Because we check strings. Note that you can specify several characters  
at once, provided they're separated by a comma, like missing="0,nan,n/a"

>> For instance, I have a dataset that in most columns has a zero for
>> some observations but in others it was just left blank, which is the
>> equivalent of zero.  I would like to set all of the missing to 0 (it
>> defaults to -1 now) when loading in the data.  I suppose I could do
>> this with a converter, but I have too many columns for this.

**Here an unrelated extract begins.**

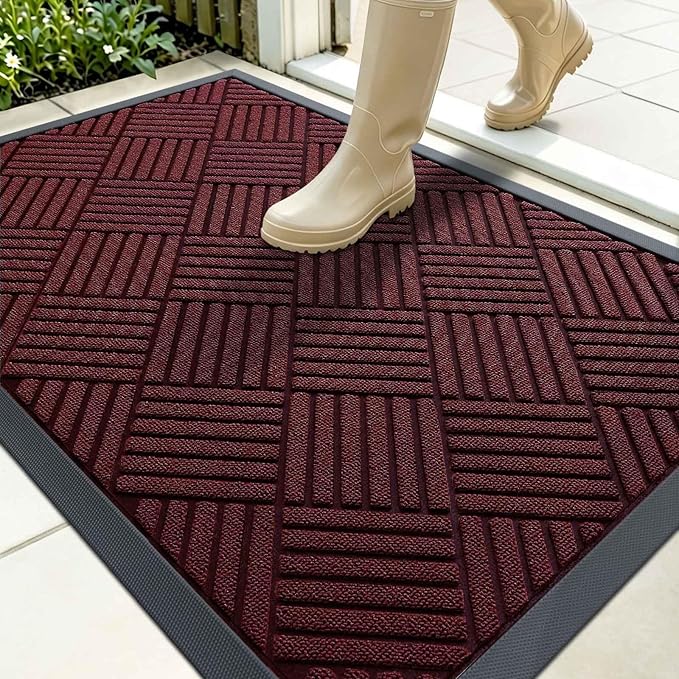 OLANLY Front Door Mat Outside Entrance 35x23, Heavy Duty Sturdy Natural Rubber by OLANLY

OK, I see. Gonna try to find some fix.

> All of the missing values in the second observation are now -1.  Also,
> I'm having trouble defining a converter for my dates.
>
> I have the function
>
> from datetime import datetime
>
> def str2date(date):
>    day,month,year = date.strip().split('/')
>    return datetime(*map(int, [year, month, day]))
>
> conv = {1 : lambda s: str2date(s)}
> s.seek(0)
> data = np.genfromtxt(s, dtype=None, delimiter=",", names=None,  
> converters=conv)

OK, I see the problem...
When no dtype is defined, we try to guess what a converter should  
return by testing its inputs. At first we check whether the input is a  
boolean, then whether it's an integer, then a float, and so on. When  
you define explicitly a converter, there's no need for all those  
checks, so we lock the converter to a particular state, which sets the  
conversion function and the value to return in case of missing.
Except that I messed it up and it fails in that case (the conversion  
function is set properly, bu the dtype of the output is still  
undefined). That's a bug, I'll try to fix that once I've tamed my snow  
kitten.
Meanwhile, you can use tsfromtxt (in scikits.timeseries), or even  
simpler, define a dtype for the output (you know that your first  
column is a str, your second an object, and the others ints or floats...